>>>>>

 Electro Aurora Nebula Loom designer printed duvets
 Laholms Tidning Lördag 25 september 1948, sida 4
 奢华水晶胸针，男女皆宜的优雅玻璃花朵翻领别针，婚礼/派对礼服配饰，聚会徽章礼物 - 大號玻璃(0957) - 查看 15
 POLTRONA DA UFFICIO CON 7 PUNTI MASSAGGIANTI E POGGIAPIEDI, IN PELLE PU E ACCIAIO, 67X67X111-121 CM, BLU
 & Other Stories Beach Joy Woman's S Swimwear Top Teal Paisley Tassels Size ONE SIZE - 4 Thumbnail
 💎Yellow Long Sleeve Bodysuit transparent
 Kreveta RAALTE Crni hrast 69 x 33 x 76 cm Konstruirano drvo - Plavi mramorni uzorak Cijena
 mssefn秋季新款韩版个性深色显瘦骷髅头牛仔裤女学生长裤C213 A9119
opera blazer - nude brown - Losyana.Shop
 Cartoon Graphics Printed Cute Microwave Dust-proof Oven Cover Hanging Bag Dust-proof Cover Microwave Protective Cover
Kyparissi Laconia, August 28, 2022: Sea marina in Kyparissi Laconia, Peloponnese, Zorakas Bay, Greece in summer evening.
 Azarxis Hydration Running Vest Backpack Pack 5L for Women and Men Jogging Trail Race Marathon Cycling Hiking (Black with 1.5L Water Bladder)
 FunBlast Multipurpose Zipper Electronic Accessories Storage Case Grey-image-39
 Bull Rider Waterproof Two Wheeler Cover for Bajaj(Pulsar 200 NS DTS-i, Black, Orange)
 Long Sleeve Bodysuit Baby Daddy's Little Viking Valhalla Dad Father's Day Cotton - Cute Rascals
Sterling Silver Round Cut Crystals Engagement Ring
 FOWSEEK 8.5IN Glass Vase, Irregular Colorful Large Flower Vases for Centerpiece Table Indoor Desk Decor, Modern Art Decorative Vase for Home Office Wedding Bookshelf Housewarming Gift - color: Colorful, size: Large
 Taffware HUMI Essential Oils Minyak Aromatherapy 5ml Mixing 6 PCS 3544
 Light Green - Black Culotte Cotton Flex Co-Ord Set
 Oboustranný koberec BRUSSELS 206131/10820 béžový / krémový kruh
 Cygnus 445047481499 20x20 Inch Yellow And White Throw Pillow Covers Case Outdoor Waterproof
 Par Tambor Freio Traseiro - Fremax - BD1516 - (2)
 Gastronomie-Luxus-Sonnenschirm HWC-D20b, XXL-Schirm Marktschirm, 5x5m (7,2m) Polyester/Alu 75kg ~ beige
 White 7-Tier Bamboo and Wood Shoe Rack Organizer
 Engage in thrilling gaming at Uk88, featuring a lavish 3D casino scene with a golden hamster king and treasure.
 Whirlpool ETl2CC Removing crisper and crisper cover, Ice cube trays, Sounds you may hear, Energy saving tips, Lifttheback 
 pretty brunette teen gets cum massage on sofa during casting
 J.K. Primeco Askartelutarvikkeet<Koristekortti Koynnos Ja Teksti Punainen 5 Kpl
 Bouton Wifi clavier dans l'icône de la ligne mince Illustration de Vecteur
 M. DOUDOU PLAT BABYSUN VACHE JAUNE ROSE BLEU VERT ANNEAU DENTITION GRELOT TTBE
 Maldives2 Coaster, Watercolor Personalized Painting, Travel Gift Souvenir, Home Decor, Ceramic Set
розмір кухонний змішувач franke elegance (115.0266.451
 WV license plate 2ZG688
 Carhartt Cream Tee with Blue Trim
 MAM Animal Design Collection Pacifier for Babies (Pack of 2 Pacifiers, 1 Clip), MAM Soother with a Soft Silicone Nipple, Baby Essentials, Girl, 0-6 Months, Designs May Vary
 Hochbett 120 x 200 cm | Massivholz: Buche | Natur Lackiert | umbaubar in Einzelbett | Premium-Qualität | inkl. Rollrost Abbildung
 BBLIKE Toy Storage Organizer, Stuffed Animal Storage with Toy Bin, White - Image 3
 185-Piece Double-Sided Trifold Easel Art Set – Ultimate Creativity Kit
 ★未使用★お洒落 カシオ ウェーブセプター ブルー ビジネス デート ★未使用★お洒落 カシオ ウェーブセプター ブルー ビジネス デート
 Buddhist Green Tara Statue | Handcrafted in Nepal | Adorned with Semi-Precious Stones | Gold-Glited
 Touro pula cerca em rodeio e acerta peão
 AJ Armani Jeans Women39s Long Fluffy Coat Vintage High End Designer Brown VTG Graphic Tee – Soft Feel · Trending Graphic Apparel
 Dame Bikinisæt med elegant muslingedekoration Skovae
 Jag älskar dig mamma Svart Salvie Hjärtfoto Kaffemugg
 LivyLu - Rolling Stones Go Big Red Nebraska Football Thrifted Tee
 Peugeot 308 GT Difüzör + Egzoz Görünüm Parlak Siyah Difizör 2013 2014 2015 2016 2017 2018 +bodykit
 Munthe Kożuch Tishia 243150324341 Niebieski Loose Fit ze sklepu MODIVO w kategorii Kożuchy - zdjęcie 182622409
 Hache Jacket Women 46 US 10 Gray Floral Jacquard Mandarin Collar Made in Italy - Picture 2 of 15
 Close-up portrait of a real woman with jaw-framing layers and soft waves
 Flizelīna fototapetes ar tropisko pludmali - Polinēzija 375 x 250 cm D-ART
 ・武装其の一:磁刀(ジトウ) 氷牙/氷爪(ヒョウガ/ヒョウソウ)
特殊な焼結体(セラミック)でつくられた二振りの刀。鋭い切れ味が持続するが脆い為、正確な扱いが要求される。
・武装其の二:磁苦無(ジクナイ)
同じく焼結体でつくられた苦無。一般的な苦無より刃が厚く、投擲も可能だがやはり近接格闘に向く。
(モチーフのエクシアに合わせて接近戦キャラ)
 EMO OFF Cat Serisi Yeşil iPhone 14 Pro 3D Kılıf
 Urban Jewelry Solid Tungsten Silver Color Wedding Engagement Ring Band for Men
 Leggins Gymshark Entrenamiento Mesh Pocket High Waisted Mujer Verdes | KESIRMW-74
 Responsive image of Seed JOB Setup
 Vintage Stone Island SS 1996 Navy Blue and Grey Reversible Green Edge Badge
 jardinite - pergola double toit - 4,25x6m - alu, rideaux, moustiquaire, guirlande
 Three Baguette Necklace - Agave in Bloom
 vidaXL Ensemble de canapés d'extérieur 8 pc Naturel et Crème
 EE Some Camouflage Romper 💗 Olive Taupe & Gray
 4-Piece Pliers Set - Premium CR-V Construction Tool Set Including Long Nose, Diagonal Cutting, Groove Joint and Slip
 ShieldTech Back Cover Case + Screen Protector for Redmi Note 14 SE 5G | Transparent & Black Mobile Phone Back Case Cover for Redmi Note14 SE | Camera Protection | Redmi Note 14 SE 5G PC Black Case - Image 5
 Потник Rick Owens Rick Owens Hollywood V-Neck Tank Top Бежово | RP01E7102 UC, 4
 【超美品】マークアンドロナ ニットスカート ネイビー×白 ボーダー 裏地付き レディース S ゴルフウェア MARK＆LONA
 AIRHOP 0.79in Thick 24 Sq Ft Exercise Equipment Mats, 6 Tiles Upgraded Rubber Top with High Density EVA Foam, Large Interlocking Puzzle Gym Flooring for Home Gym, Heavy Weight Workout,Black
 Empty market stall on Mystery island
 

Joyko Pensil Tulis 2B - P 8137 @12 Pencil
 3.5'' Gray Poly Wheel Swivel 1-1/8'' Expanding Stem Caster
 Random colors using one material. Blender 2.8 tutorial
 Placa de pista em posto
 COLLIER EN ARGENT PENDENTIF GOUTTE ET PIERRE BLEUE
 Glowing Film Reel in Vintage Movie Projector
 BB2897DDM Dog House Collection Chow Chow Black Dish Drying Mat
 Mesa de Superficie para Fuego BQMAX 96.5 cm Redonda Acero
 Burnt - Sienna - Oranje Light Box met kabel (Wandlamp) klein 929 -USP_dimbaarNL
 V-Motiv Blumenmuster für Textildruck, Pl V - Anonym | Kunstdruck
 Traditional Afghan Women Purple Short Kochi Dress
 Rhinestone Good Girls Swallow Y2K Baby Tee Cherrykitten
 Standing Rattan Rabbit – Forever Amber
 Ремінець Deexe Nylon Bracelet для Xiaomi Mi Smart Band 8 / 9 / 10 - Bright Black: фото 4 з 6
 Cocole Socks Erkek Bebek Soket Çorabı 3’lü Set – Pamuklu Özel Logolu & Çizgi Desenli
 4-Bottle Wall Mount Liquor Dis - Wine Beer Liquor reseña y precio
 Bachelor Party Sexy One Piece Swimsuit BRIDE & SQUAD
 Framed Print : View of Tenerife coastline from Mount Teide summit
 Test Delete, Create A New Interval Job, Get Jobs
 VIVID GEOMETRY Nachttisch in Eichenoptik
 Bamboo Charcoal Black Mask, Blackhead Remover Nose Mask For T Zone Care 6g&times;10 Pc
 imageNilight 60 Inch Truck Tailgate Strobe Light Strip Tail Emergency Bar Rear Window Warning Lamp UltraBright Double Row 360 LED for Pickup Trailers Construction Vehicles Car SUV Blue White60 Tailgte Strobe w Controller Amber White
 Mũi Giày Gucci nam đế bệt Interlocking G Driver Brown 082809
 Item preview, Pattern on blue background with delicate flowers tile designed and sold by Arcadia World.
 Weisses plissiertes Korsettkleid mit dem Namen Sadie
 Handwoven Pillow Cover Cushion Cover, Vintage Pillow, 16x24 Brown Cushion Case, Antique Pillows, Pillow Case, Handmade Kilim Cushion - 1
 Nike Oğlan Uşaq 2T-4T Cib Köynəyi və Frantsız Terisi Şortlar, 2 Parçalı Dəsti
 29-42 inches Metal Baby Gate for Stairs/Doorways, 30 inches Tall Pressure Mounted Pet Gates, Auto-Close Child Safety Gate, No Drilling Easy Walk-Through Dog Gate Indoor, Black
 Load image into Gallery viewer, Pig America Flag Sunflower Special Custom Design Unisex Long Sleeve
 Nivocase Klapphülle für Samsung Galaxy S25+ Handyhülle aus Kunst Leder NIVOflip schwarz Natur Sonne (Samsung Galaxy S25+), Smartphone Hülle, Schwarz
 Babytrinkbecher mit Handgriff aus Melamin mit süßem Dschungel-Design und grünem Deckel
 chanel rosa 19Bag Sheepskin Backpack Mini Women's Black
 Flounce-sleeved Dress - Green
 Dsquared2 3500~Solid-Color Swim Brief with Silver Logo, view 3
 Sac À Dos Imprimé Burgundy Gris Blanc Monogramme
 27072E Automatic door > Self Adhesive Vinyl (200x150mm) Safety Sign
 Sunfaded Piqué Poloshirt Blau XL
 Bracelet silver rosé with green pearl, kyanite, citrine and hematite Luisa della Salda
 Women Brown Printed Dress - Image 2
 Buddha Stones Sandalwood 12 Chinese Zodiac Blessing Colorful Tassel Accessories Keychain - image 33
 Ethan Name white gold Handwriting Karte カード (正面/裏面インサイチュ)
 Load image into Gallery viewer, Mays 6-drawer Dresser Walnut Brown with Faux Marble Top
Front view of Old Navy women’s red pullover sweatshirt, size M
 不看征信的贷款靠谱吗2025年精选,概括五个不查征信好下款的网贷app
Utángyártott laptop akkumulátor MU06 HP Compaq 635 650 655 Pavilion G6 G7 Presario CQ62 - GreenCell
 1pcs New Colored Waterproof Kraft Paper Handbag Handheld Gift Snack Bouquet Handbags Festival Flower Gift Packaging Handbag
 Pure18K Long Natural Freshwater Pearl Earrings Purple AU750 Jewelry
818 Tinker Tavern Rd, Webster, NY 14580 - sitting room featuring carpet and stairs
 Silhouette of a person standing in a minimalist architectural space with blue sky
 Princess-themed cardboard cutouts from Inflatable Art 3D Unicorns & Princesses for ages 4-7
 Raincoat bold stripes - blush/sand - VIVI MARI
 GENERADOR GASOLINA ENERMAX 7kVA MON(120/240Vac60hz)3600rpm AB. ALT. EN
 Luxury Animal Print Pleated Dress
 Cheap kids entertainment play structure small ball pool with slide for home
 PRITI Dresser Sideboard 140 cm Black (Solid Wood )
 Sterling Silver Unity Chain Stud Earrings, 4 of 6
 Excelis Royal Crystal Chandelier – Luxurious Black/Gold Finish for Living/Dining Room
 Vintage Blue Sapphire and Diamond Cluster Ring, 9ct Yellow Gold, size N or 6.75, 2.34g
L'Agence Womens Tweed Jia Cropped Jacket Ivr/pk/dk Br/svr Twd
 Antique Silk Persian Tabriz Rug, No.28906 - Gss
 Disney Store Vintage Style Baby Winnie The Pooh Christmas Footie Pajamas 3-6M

<<<<<

Reproduce word for word the lines of the records above, beginning at the first and ending with the line where "Cygnus 445047481499 20x20" appears, and nothing past it.

 Electro Aurora Nebula Loom designer printed duvets
 Laholms Tidning Lördag 25 september 1948, sida 4
 奢华水晶胸针，男女皆宜的优雅玻璃花朵翻领别针，婚礼/派对礼服配饰，聚会徽章礼物 - 大號玻璃(0957) - 查看 15
 POLTRONA DA UFFICIO CON 7 PUNTI MASSAGGIANTI E POGGIAPIEDI, IN PELLE PU E ACCIAIO, 67X67X111-121 CM, BLU
 & Other Stories Beach Joy Woman's S Swimwear Top Teal Paisley Tassels Size ONE SIZE - 4 Thumbnail
 💎Yellow Long Sleeve Bodysuit transparent
 Kreveta RAALTE Crni hrast 69 x 33 x 76 cm Konstruirano drvo - Plavi mramorni uzorak Cijena
 mssefn秋季新款韩版个性深色显瘦骷髅头牛仔裤女学生长裤C213 A9119
opera blazer - nude brown - Losyana.Shop
 Cartoon Graphics Printed Cute Microwave Dust-proof Oven Cover Hanging Bag Dust-proof Cover Microwave Protective Cover
Kyparissi Laconia, August 28, 2022: Sea marina in Kyparissi Laconia, Peloponnese, Zorakas Bay, Greece in summer evening.
 Azarxis Hydration Running Vest Backpack Pack 5L for Women and Men Jogging Trail Race Marathon Cycling Hiking (Black with 1.5L Water Bladder)
 FunBlast Multipurpose Zipper Electronic Accessories Storage Case Grey-image-39
 Bull Rider Waterproof Two Wheeler Cover for Bajaj(Pulsar 200 NS DTS-i, Black, Orange)
 Long Sleeve Bodysuit Baby Daddy's Little Viking Valhalla Dad Father's Day Cotton - Cute Rascals
Sterling Silver Round Cut Crystals Engagement Ring
 FOWSEEK 8.5IN Glass Vase, Irregular Colorful Large Flower Vases for Centerpiece Table Indoor Desk Decor, Modern Art Decorative Vase for Home Office Wedding Bookshelf Housewarming Gift - color: Colorful, size: Large
 Taffware HUMI Essential Oils Minyak Aromatherapy 5ml Mixing 6 PCS 3544
 Light Green - Black Culotte Cotton Flex Co-Ord Set
 Oboustranný koberec BRUSSELS 206131/10820 béžový / krémový kruh
 Cygnus 445047481499 20x20 Inch Yellow And White Throw Pillow Covers Case Outdoor Waterproof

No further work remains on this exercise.